Although the principle of a single mode of presence poses no difficulty, the criterion of reciprocity could make the implementation of the policy a non-starter. As we have seen in many other instances, few countries like the reciprocal treatment clause. Their main interest is in protecting their domestic turf. A good example is civil aviation. Despite all the high-sounding talk about the "freedoms of the air" and open skies, the US does not allow foreign airlines to operate purely domestic services within the country. Foreign banks will wait for the reciprocity agreements between their home countries and India before they decide whether to set up subsidiaries. Since August 2005, India has signed a comprehensive economic co-operation agreement with Singapore that provides, inter alia, for reciprocity. It is the only one of its kind.
The undercurrent of the policy is to favour setting up subsidiaries over branch banking of the traditional type. That is why the policy talks about "incentivising" banks to convert branches into subsidiaries. This conversion process can be considered from two points of view - one, of the regulatory authorities and, two, of the banking entities.
The guidelines come against the backdrop of the 2008 global financial crisis, which has shown that growing complexity and inter-connectedness of financial institutions have compromised the ability of home and host authorities to cope with the failure of big banks. The RBI feels that the lessons learnt during the crisis lean in favour of domestic incorporation of foreign banks. Explaining its reasoning, the central bank has said this proposal will create separate legal entities with their own capital base and local board of directors, which will help in better regulatory control. Also, subsidiaries would ensure that there is a clear delineation between the assets and liabilities of the domestic bank and those of its foreign parent and provide for ring-fenced capital and assets within the host country.

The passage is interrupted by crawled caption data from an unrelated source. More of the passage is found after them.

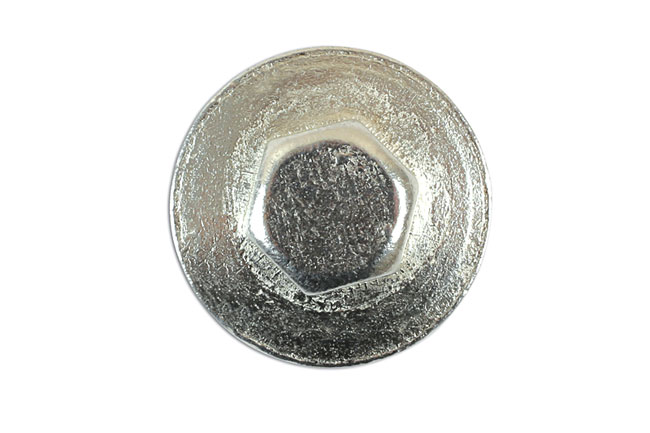 Laser Tools 31766 Sump Plug & Washer - for Alfa Romeo, Fiat, Saab, Vauxhall Opel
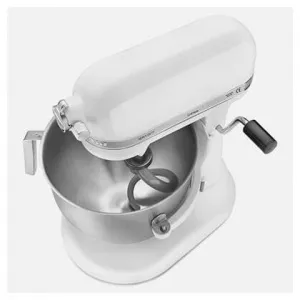 Миксер планетарный KitchenAid 5KSM7591XEER (красный RED) – купить в Москве по цене завода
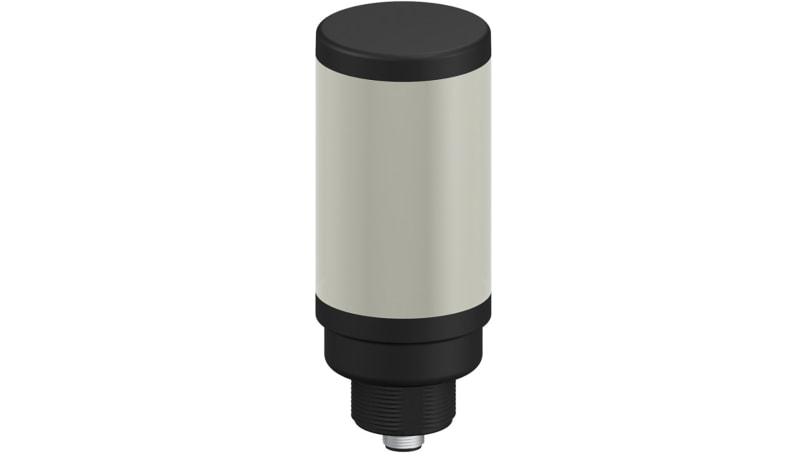 Banner Engineering CL50WXXNQ Cl50 Column Light, 1-Color Indicator ...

But does the subsidiary route necessarily help the monetary authority? When one refers to regulatory control, one should also consider the resolution mechanism for subsidiaries in distress. It is like the Western practice of incorporating provisions for dissolution even when the marriage contract is drawn up! In fact, the root cause of the international financial crisis is to be traced to the process of subsidiarisation. According to Anat Admati and Martin Hellwig in their book The Bankers' New Clothes: What's Wrong With Banking and What to do About it, complex financial institutions such as J P Morgan Chase, Bank of America, or Citigroup have thousands of subsidiaries or other related entities, many of them in different countries. Under international banking law, there would be separate resolution procedures for different subsidiaries in all the different countries. Resolution would require coordination among the authorities and procedures that may well be incompatible with the prevailing laws.
For instance, Lehman Brothers had used its London subsidiary for many investment banking and brokerage activities. In the UK, the authorities were shocked to discover there was hardly any cash in the London subsidiary. Although the different units of Lehman Brothers in different countries were legally independent, their cash management had been integrated so that, at the close of the business day in London, all cash would be sent to New York. It was facilitated by the absence of any prescription for cash reserve ratio by the Bank of England. Lehman's bankruptcy involved about 8,000 subsidiaries in more than 40 countries. The RBI could, of course, ring-fence the Indian subsidiary from others but it means that regulatory control is not as simple as it is assumed now and carries a cost of supervision.
What are the merits and demerits from the point of view of banks? The advantage is near-national treatment on a par with other banks of local origin in the matter of opening branches without RBI approval, subject to certain restrictions. Even as it is, under a World Trade Organisation agreement, RBI is required to give foreign banks 12 new permits to open branches every year, including those given to new entrants and existing lenders. Would national treatment also imply all the other features such as inclusive banking, no-frill accounts and so on? The RBI needs to clarify the point.
As of now, foreign banks with 20 or more branches have to observe the priority sector target of 40 per cent of adjusted net bank credit (ANBC) or credit equivalent amount of off-balance sheet exposure (OBSE), whichever is higher. In the case of banks with less than 20 branches, the target is 32 per cent of ANBC or credit equivalent amount of OBSE, whichever is higher. In both cases, the sub-targets for individual sectors do not apply. Would these rules be the same for subsidiaries too?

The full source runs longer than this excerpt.